非常にシリアスな抗議で、前に来た時(前メートル・ドテルの頃)は非常に素晴らしい時を持てたのに、もう2度と行く気がしなくなってしまったのが残念であると結んであった。しかもこのお客様はカナダの国会議員である。否VIPだからどうだと言う事ではなく、御本人も書いているように職業柄毎晩のように一流レストランで食べ歩いていて、決して普段クレームのメールをわざわざ出すような事は無い立場の人であるという点が問題なのだ。確かにこの状況なら怒らないほうがどうかしている。残念ながら現在のメートル・ドテルについて、「彼女に限ってそんなサーヴィスをする事は有り得ない」と自信を持って言う事が出来ない。本音エッセイだからあえて書くが、寧ろ「またか・・・」と言う感想だ。それ程過去に何度もお客さんを怒らせているからだ。ジョルジュがいた頃は一ウエイトレスで、一ウエイトレスとしても相当問題あるサーヴィスぶりだったのだが、ジョルジュが呼んだメートルであったエリックがしばらくジョルジュのポジションであった飲食部統括責任者(現在このポジションは空席)を引き継ぎ、春にはジョルジュの後を追いかけるようにして辞めてしまったので、急遽メートルに昇格した。30年この仕事をやっていると言う事だが、正直、どこでどういう仕事をして来たのか疑問だ。これ以上書くと悪口のようになるし、身内の恥なので書かない。ウエイター、ウエイトレスの中には優秀な人材も何人かいるのだが、何はともあれ今回のクレームは重い。

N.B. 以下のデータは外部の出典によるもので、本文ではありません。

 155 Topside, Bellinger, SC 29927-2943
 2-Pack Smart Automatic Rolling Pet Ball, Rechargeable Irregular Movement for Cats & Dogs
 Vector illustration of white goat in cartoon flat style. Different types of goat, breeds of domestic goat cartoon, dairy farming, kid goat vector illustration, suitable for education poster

やはりサーヴィス部門で何度も賞を受賞しているル・フジェールのサーヴィス チームはその点凄いと言わざるを得ない。勿論我々調理場サイドも色々改善策を練る必要がある。
ル・フジェールのサーヴィスと言えば、今回の冬の新メニューではメニューに合わせたワインを例の女性ソムリエ世界一にして全カナダ ナンバー1ソムリエのヴェロニクがアドバイザーとなって選んでくれることになった。夜の新メニューは既に先週からスタートしたが、昼のメニューはクリスマス後まで大延期と言う事になりそうだ。それと言うのも、これと平行して、予約が30人以下の時はブッフェを廃止し、昼のコースメニュー(メインは魚料理か、肉料理のうち一品)を作ろうということになったからだ。私のほうとしては全てのメニューは出来ているのだが、それこそサーヴィスの方に浸透させるのにも時間がかかるし、何よりコンピューターにも全て入力しなければならないからだ。今や首都圏の一定程度の規模のレストランは全てそうだと思うが、オーダーは全てコンピューターに入力し、調理場のプリンターからプリントアウトする。税務署への申告等もこれが根拠になるから、いい加減な入力は出来ない。全くテクノロジーは何処まで我々の様な本来無縁な世界に入り込んでくるのだろう。私自身は固定給だから一度も使った事はないが、今年の頭から時給で働く従業員(全従業員の9割)は指紋認証装置付きのタイムカードを使っている。やり過ぎではないのか?しかも未だ完成度が低いのかしばしば誤動作を起こし、修正できるパスワードを持つのはマネージャー クラスのみである所から、全然関係ないハウスキーパーとかの人達から、「Naki、何回やっても退社出来ないのよ、何とかして」とかいう笑い話のような事を言われたりする。逆に言うと、パスワードを持っていれば、指紋など何の関係も無く、出勤、退社を勝手に入力可能だという事。馬鹿馬鹿しいと思うのは私だけだろうか。カフェ・アンリー・ブルジェもオーダーこそコンピューターだったが、タイムカードは昔ながらの時計つき機械にバチーンと入れるクラッシックタイプだった。もうあんなのは姿を消していくのかもしれないが、あちらの方が余程便利だった気がする。
57.吹雪と、業者と、水の話。
(12月16日更新)

朝から凄い吹雪だった。所謂ブリザードであるが、時として雷鳴が轟く、雪と雷と言う稀有な組み合わせだった。オンタリオ東部、ケベック西部は全てこんな状態だったらしい。つまりトロントもモントリオールもだ。ニュースで北極出身者が、故郷に帰った様な錯覚に陥ったとかコメントしていた位だ。通算12〜13年カナダに住んでいるが、これほど1日に雪が降ったのは記憶に無い。車を停めて2時間ほどして窓から覗くと白い塊になっていて、タイヤは完全に埋まっているようだった。私の車は車高の高い4WDだから、普通のセダンなら半分以上は埋まっている所だ。くどいようだが、ほんの2時間ばかり経っての事である。今年の冬は15年ぶりの厳しさだそうで、気温も低い。普通雪の日はかえってあったかい事が多いがブリザードともなれば話は別だ。この分なら早晩マイナス40度の世界に突入しそうである。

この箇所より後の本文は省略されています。